Why doesn’t the brain rest in summer? – Health and Medicine

by time news

2023-09-08 08:16:55

By Javier Sampedro, geneticist and biologist.

Going on vacation is easier than turning off that internal television that is our mind.

For most, the arrival of September is synonymous with having finished the holidays. We spend the year dreaming of a few weeks of summer rest. While you break your nails on the keyboard of a suboptimal computer, stuck in an office designed by a psychopath who seems to ignore the concept of a window and bowing to the witticisms of a guy with stripes to whom no one has taught manners, your mind flies into the free time towards those paradises where you bathe holding a cocktail in your hand with little pastel-colored umbrellas, kicking mountains in mystical contact with fertile nature and putting your mind blank to purge it of the toxic thoughts that have flooded it during the previous 11 months . Unfortunately, things are rarely like that.

There are people who suffer even more stress and hardship on vacation than working. Surely you know some, if you yourself are not one of them. I have a very close friend who, not that she already gets overwhelmed on vacation, but rather that she has been sleeping badly for several days at the mere prospect of taking them. I do not know relevant quantitative data, but psychologists, neurologists and neuroscientists who know about the subject explain to us here the reasons for this absurd suffering that turns what should be the best time of the year into a source of additional anguish. This may suggest a better future, a change in our philosophy of life that will not be easy or quick, but that is worth exploring.

“For some people, vacations are not a source of psychological well-being, but quite the opposite: a cause of suffering,” says clinical psychologist Miguel Ángel López Bermúdez, from the Jaén Hospital Complex. The first problem has to do with a kind of multiple personality disorder that, in a metaphorical sense, underlies our social behavior, the image we present to others, the self we pretend to be depending on the situation and circumstance.

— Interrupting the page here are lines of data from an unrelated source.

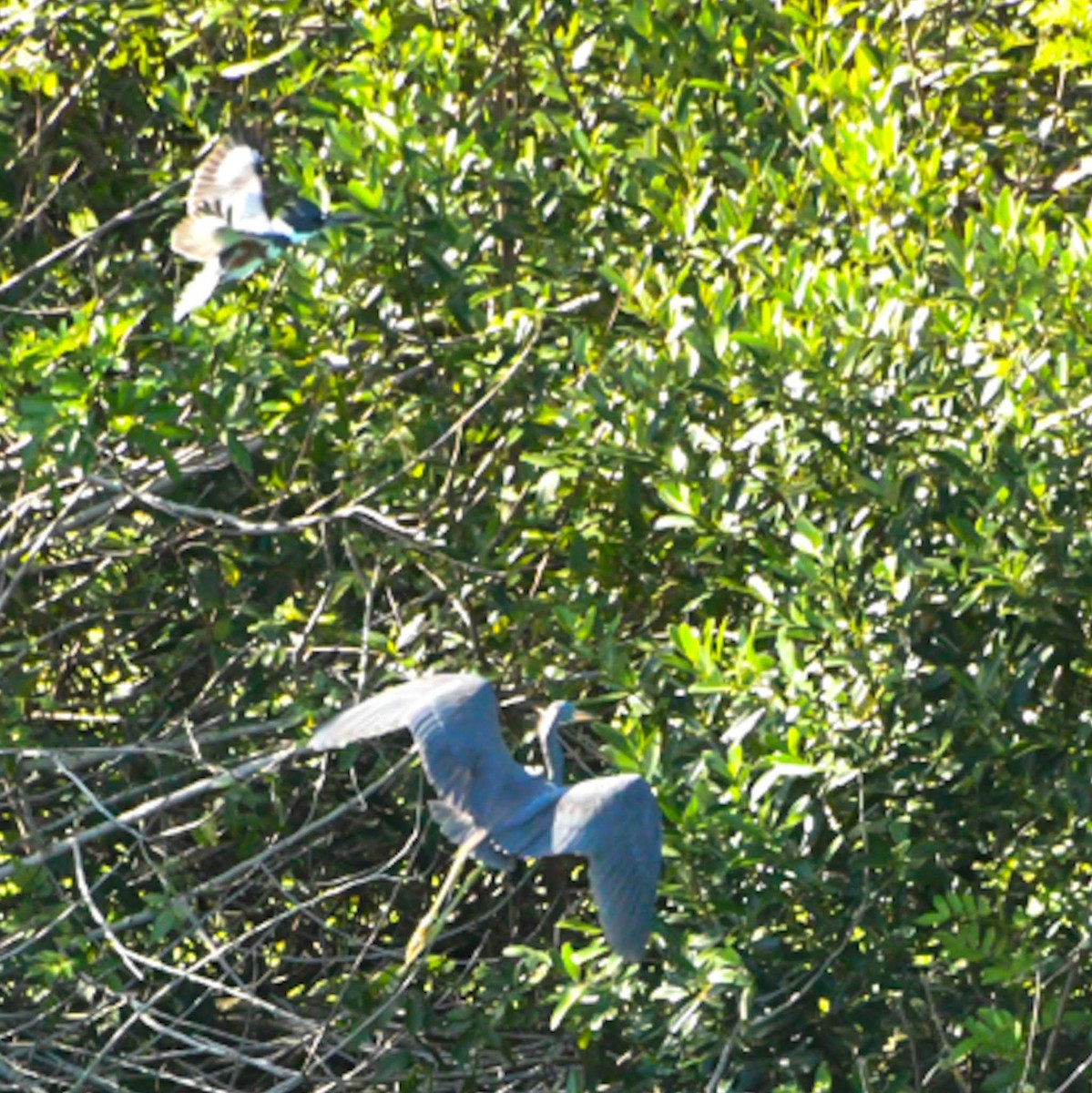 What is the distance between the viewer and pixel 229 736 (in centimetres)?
577

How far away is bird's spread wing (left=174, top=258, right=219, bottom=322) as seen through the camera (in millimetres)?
5488

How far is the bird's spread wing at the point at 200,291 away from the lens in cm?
549

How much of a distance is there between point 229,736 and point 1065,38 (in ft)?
8.14

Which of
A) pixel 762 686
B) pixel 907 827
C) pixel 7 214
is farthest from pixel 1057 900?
pixel 7 214

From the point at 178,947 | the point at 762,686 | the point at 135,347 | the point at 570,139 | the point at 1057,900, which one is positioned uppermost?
the point at 570,139

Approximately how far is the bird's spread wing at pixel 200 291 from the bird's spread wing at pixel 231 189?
12 centimetres

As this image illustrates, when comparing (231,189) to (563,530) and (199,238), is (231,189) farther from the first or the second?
(563,530)

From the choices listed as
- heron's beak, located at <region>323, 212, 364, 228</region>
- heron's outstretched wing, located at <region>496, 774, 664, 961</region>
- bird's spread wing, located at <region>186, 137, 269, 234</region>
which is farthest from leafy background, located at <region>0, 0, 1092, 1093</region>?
heron's outstretched wing, located at <region>496, 774, 664, 961</region>

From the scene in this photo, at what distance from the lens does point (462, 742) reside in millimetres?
4676

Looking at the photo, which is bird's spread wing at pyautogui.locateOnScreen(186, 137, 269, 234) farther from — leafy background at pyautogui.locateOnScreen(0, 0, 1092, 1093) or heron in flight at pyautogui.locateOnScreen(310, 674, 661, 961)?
heron in flight at pyautogui.locateOnScreen(310, 674, 661, 961)

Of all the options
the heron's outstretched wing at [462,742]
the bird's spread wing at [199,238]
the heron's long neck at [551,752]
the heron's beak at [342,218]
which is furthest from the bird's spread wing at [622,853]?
the bird's spread wing at [199,238]

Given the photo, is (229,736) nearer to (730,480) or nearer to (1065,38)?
(730,480)

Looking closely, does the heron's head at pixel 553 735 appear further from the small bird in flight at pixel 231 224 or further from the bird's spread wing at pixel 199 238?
the bird's spread wing at pixel 199 238

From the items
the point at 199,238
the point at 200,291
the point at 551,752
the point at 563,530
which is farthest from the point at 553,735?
the point at 199,238
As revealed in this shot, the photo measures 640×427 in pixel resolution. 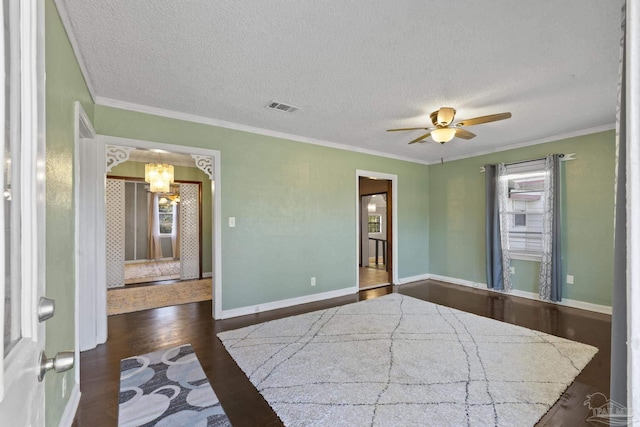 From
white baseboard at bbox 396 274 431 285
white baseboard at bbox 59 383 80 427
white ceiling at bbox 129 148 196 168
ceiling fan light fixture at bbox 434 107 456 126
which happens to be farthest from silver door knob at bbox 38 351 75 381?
white baseboard at bbox 396 274 431 285

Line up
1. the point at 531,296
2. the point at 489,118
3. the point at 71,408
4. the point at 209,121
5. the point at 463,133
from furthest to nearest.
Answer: the point at 531,296 < the point at 209,121 < the point at 463,133 < the point at 489,118 < the point at 71,408

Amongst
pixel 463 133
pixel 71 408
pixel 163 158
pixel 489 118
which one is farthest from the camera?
pixel 163 158

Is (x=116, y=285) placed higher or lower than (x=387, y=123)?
lower

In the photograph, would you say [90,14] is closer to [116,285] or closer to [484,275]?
[116,285]

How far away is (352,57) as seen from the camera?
2.34 metres

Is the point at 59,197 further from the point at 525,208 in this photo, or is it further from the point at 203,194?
the point at 525,208

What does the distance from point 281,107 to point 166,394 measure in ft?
9.63

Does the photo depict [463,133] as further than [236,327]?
No

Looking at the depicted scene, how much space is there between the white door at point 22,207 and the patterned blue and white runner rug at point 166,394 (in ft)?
5.00

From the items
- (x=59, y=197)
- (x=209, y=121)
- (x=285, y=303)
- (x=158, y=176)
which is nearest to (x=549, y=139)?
(x=285, y=303)

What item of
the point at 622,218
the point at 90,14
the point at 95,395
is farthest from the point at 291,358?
the point at 90,14

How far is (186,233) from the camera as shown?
245 inches

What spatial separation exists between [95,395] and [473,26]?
3.82 metres

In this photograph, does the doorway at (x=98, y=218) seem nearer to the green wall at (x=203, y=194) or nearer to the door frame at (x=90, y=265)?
the door frame at (x=90, y=265) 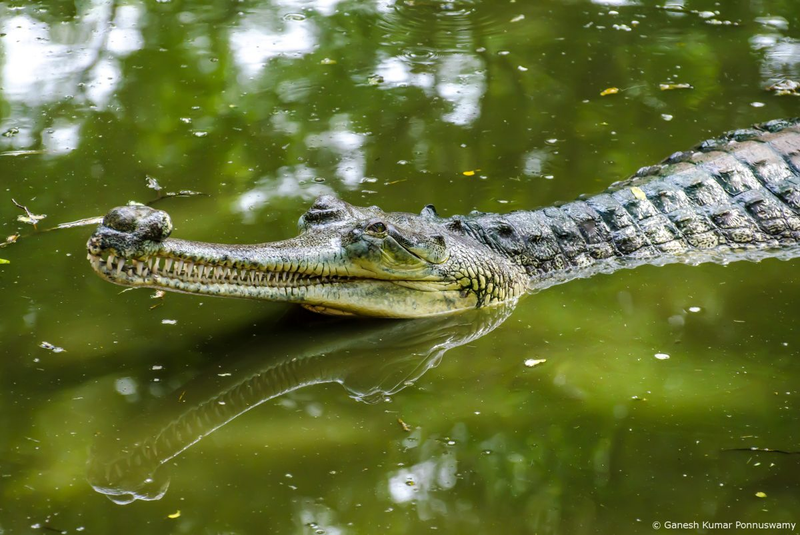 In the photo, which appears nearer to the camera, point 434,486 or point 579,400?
point 434,486

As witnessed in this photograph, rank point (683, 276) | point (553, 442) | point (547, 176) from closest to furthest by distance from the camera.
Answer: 1. point (553, 442)
2. point (683, 276)
3. point (547, 176)

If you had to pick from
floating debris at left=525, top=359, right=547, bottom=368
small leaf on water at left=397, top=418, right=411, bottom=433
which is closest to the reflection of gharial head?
small leaf on water at left=397, top=418, right=411, bottom=433

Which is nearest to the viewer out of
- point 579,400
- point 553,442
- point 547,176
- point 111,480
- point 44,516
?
point 44,516

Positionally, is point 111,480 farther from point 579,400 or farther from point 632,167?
point 632,167

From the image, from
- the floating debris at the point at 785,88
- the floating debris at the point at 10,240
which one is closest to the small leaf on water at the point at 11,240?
the floating debris at the point at 10,240

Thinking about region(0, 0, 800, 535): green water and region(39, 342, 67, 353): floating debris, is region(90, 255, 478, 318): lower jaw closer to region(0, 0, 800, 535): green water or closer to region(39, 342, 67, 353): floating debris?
region(0, 0, 800, 535): green water

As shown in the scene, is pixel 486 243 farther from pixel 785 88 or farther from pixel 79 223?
pixel 785 88

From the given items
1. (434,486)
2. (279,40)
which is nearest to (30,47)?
(279,40)

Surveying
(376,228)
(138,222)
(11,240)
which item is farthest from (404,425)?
(11,240)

Don’t be offended by the multiple personality thing, that’s my thing. López Bermúdez prefers a cinematographic simile: “During the months of work, our behavior is subject to a script and we limit ourselves to continuing to play a role, as if we were a character in a scene.” In this work context, we focus on what we have to do to earn our salary, on those tasks, however tedious they may be, that the bosses expect of us in exchange for being paid a salary.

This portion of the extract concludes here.